● **Assignment**: The pictures are to be left out, and all remaining data is to be transcribed exactly as it appears.

● **Data block**:
***
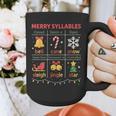 Merry Syllables Teacher Christmas Educational Kids Graphic Print Coffee Mug, funny design Merry Syllables Teacher Christmas Educational Kids Graphic Print Coffee Mug, funny design
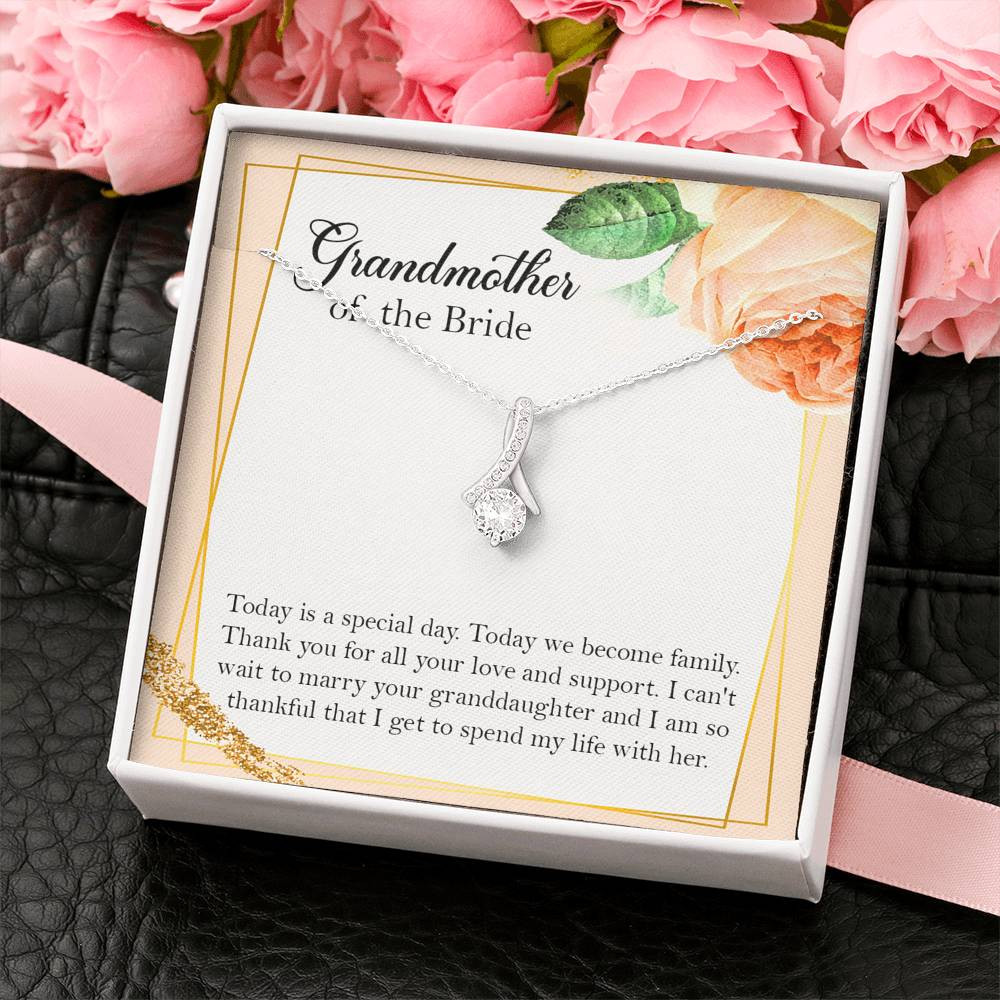 Grandmother of the Bride Gifts, Today Is A Special Day, Alluring Beauty Necklace For Women, Wedding Day Thank You Ideas From Groom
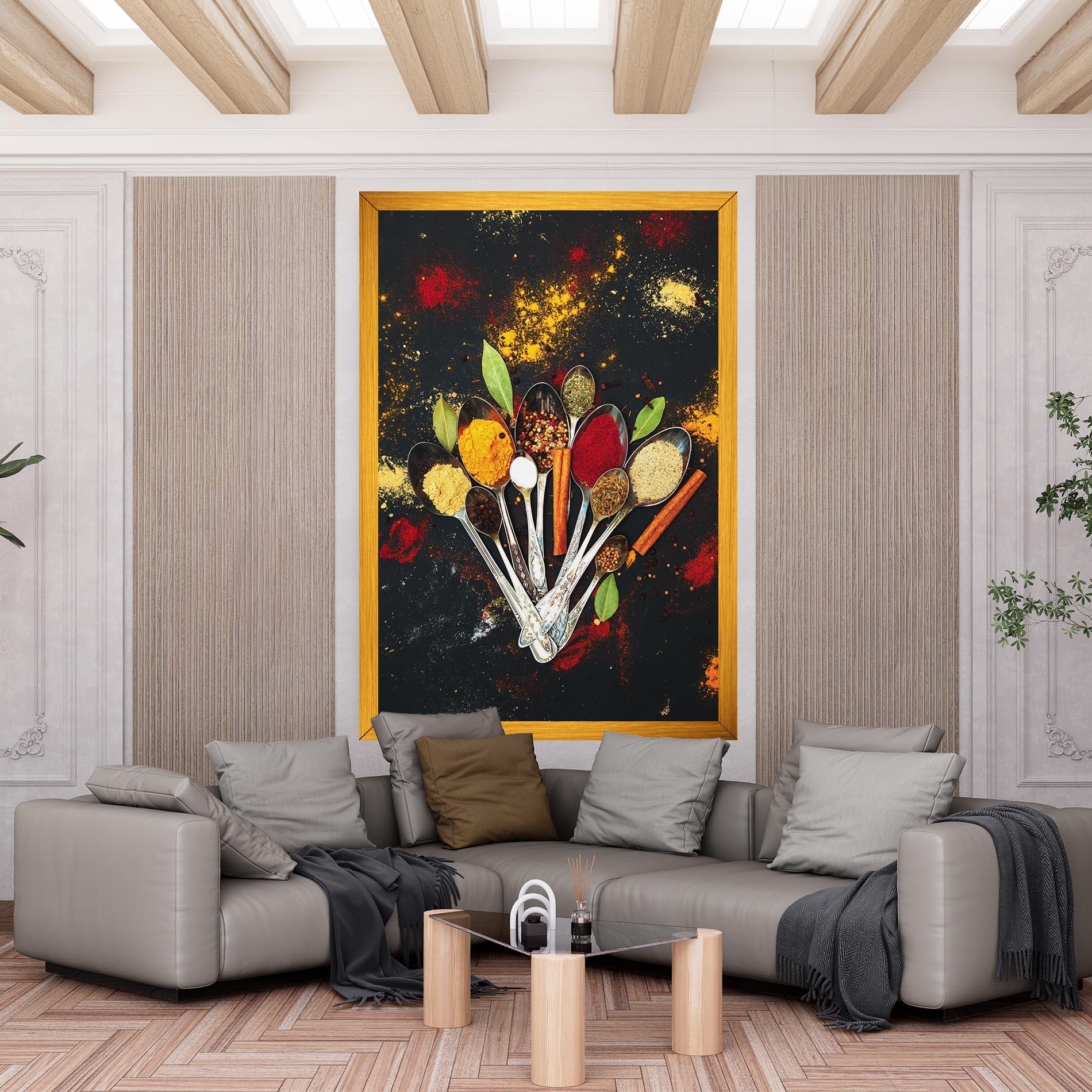 Vászonkép Cooking Spices Spoons mockup 6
***
● **Expected output**:
 Merry Syllables Teacher Christmas Educational Kids Graphic Print Coffee Mug, funny design Merry Syllables Teacher Christmas Educational Kids Graphic Print Coffee Mug, funny design
 Grandmother of the Bride Gifts, Today Is A Special Day, Alluring Beauty Necklace For Women, Wedding Day Thank You Ideas From Groom
 Vászonkép Cooking Spices Spoons mockup 6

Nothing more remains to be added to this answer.